# INPUT RECORDS
++++++++++++++++++++

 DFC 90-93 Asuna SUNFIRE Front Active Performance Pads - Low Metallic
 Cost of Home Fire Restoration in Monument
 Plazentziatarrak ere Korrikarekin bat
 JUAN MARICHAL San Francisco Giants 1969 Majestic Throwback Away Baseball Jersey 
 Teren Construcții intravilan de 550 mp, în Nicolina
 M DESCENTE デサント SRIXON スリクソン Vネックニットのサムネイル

++++++++++++++++++++

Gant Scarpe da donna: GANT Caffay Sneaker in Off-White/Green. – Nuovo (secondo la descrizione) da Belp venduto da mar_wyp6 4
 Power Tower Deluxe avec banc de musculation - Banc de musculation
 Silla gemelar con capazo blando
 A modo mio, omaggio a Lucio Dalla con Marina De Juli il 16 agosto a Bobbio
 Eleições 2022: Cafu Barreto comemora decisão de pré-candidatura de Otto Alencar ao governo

++++++++++++++++++++

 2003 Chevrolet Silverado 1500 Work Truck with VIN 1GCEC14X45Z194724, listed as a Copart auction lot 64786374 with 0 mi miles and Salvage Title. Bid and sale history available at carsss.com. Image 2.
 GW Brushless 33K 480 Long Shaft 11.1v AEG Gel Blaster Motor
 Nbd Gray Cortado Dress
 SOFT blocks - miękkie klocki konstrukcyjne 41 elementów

++++++++++++++++++++

# PROBLEM STATEMENT
In the material above, transcribe exactly the lines beginning at the one with "JUAN MARICHAL San" and ending at the one with "M DESCENTE デサント SRIXON スリクソン Vネックニットのサムネイル", both included.

# WRITTEN SOLUTION
 JUAN MARICHAL San Francisco Giants 1969 Majestic Throwback Away Baseball Jersey 
 Teren Construcții intravilan de 550 mp, în Nicolina
 M DESCENTE デサント SRIXON スリクソン Vネックニットのサムネイル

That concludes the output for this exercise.